Avoid unhealthy habits such as smoking and drinking alcohol to feel better. If you want to break bad habits, start by listing the reasons why you want to stop. Tackle each habit one by one, and try replacing them with healthier alternatives.
- For example, instead of stepping outside to smoke and relax, take a 5-10 minute walk. Or, try drinking an extra glass of water after each alcoholic beverage to prevent overconsumption.
- If you're struggling with addiction, speak with a professional to learn specific methods to quit.

Take care of your body by eating healthy. Rather than categorizing foods as 'good' or 'bad,' focus on eating what makes your body feel energized and strong. Typically, incorporating fruits, vegetables, protein, and calcium into your diet helps your body function better. If you have allergies or dietary restrictions, be mindful of those as well.

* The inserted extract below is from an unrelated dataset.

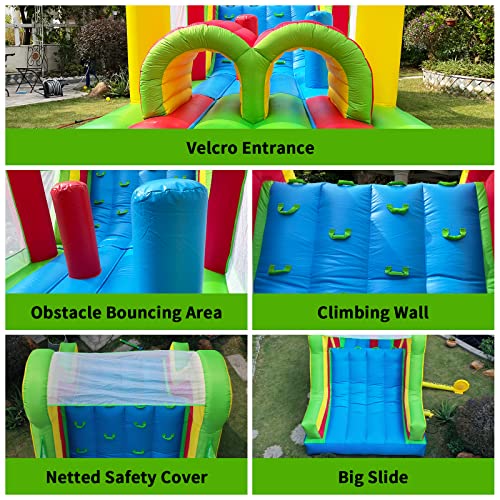 YARD Inflatable Obstacle Course Bounce House with Slide for Ages 3-12 Green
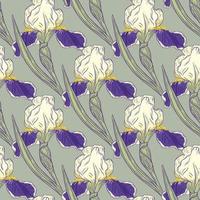 siluetas decorativas de flores de iris patrón floral transparente. fondo azul pálido. telón de fondo botánico. vector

- If you struggle with meal preparation, try planning your meals for the entire week. Write down what you want to eat for breakfast, lunch, dinner, and snacks, then head to the grocery store to make sure you have everything you need.
- Remember, there's nothing wrong with indulging in a snack, whether it's a rich burger or a delicious piece of chocolate. Just balance those treats with healthy choices so your body doesn't become sluggish.
Advice
- Take care of yourself whenever possible. If you have 15 minutes to spare, take a walk around the neighborhood or enjoy a cup of tea. This way, even on busy days, you can still find a moment to nurture yourself.